„Czy nie jest to dla nas hańbiące” - pyta kilka dni temu w sejmie poseł Marcin Święcicki z Platformy Obywatelskiej - „że obradujący pod znakiem krzyża, na którym wisi Chrystus, który był uchodźcą, wbrew apelom Papieża Franciszka i Polskiego Kościoła, świętując 1050 rocznicę chrztu Polski, nasz kraj odcina się od symbolicznej pomocy uchodźcom, jaka przypadła na Polskę?” Mówca najwyraźniej nie przekonuje oponentów. Sejm przyjmuje uchwałę głosami PiS i Kukiz’15. Krytykuje w niej decyzję Rady Europejskiej o alokacji 7 tysięcy uchodźców w Polsce.

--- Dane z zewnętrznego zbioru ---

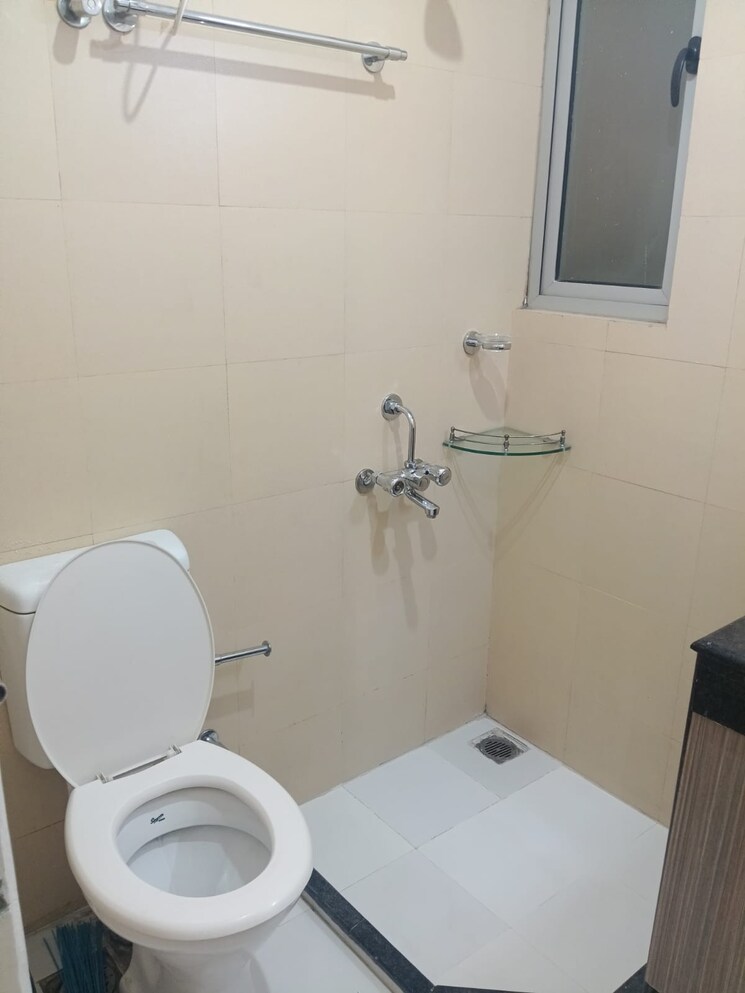 Bathroom, pioneer-park-phase-1 2 Bedroom 1300 Sq.Ft. Apartment In Sector 61 Gurgaon 8287582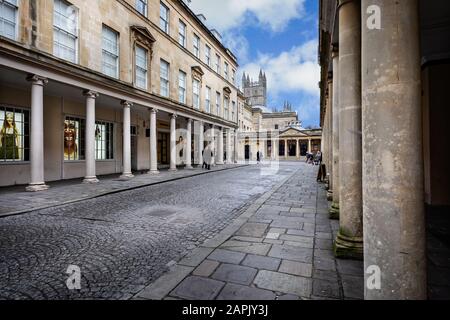 Kolonnadierte georgische Gebäude, die am 23. Januar 2020 zum Pumpenzimmer und zur Bath Abbey in Bath Street, Bath, Somerset, Großbritannien führten Stockfoto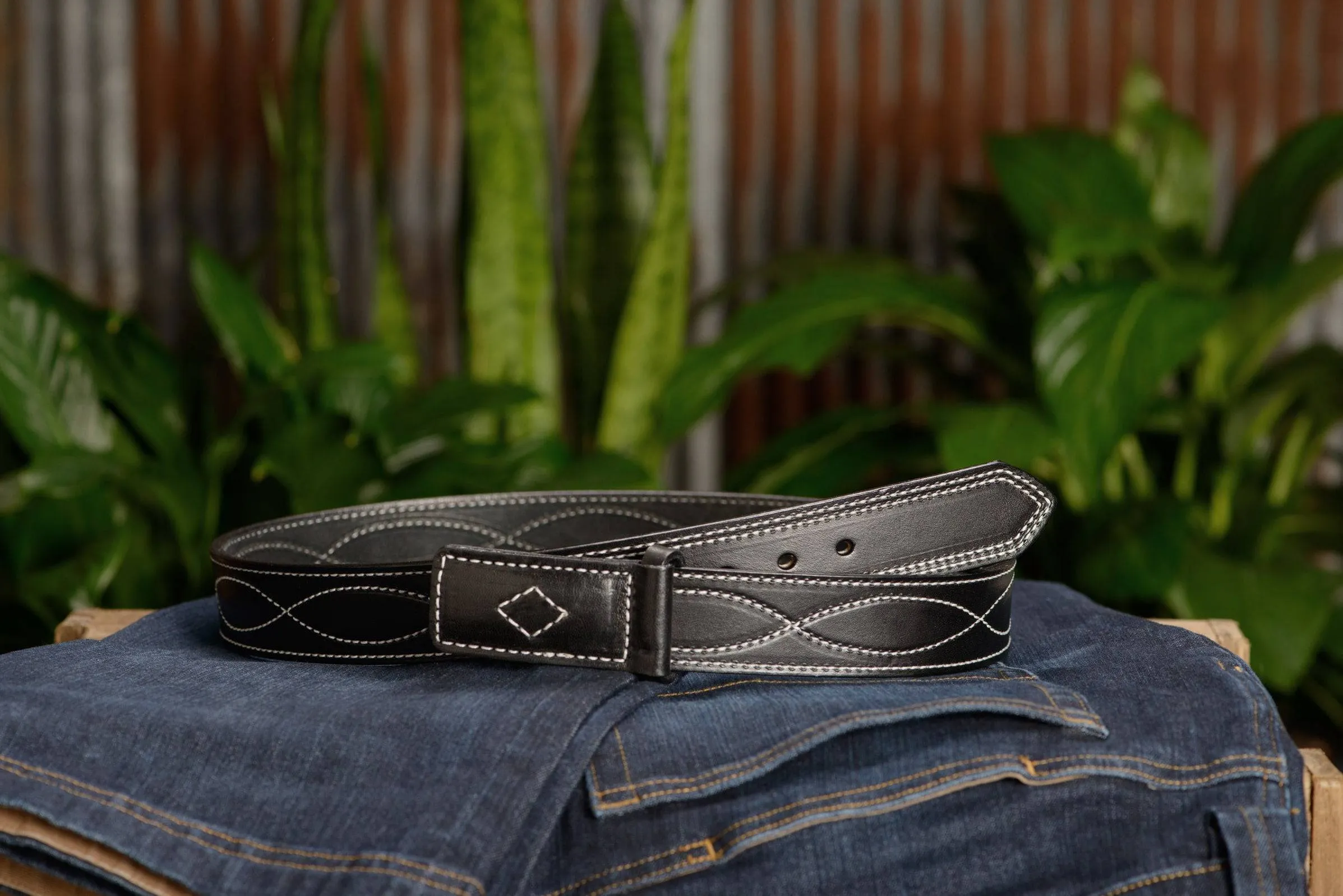The Pit Boss: Black Figure 8 White Stitched Buckle-less Ball Hook 1.50"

W polskiej debacie o uchodźcach padły już wszystkie możliwe argumenty. Było o europejskiej solidarności oraz humanitaryzmie, o chrześcijańskich wartościach tolerancji, apelach duchownych i o fatalnych prognozach rozwoju demograficznego, z którymi Polska musi się zmierzyć. Morze słów wylano na temat bezpodstawnych lęków, bo przecież owe zaledwie kilka tysięcy ludzi, które będą „weryfikowane przez nasze służby”, nie stanowi zagrożenia, choćby w porównaniu z rzeszami osób przybywających nad Wisłę w ruchu bezwizowym Schengen.

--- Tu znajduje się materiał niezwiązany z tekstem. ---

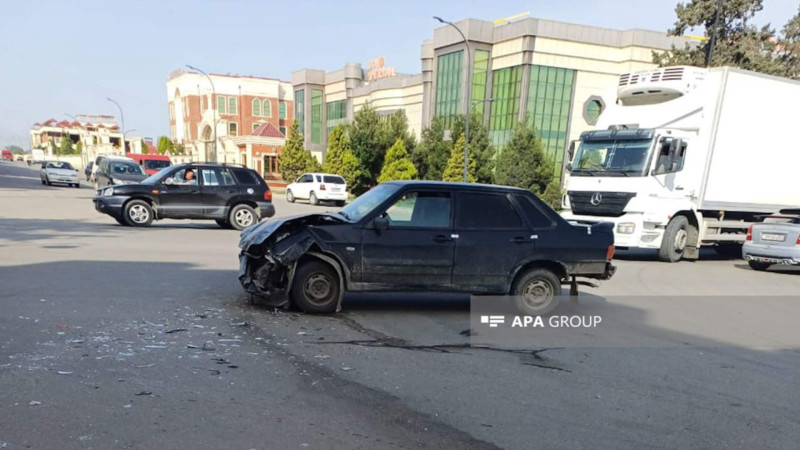 Şəhərin mərkəzində qəza baş verib: bir nəfər xəsarət alıb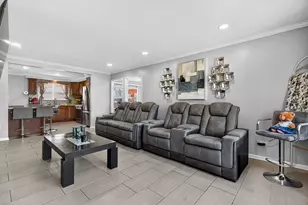 641 McKinley Ave, Mundelein, IL 60060 - Photo 5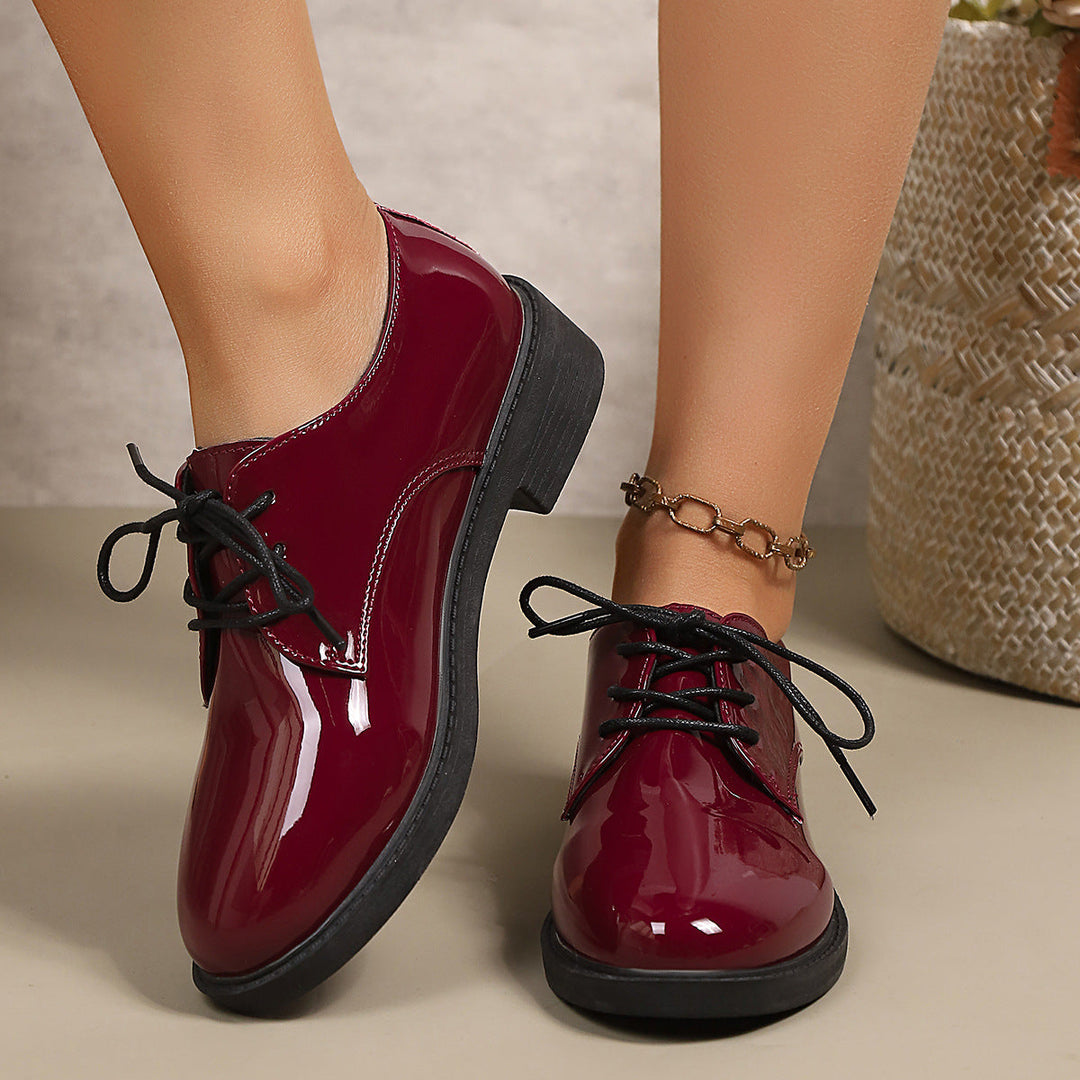 Damen klassische Schnürschuhe mit glänzender Oberfläche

I co z tego? Ano nic. Ani argumenty o racji stanu, o rachunku ekonomicznym czy wreszcie wartościach, z którymi deklaratywnie identyfikuje się większość mieszkańców Polski, nie robią na nikim wrażenia. Każdy obstaje przy swoim.
Moja i twoja opowieść
W ów klincz świetnie wpisuje się wywód posła Święcickiego. To swoiste ultima ratio: czy w hierarchii argumentów może być coś więcej, niż stwierdzenie, że oto sam Syn Boży swoim życiem świadczy na korzyść jednej ze stron sporu? Najpóźniej w tym momencie widać, że debata publiczna w sprawie uchodźców (a niestety i w wielu innych sprawach) się w Polsce załamała. Przecież spory mają sens tylko wtedy, gdy analizuje się argumenty strony przeciwnej. Tymczasem spójrzmy prawdzie w oczy: już dawno nikt niczego nie analizuje. Każdy snuje po prostu własną opowieść.
Jako pisarz i publicysta z zawodu, a więc człowiek wrażliwy słowo, wyciągam z tego prosty wniosek: trzeba zmienić coś więcej niż argumenty. Choć nie jestem zwolennikiem rządzącej dziś w Polsce opcji, zgadzam się co do jej rewolucyjnych ambicji – potrzebny jest nowy początek. To już nie tylko zresetowanie komputera, ale zainstalowanie nowego systemu operacyjnego. Posługując się moim zawodowym żargonem: Polska potrzebuje nowych narracji. I Europa też.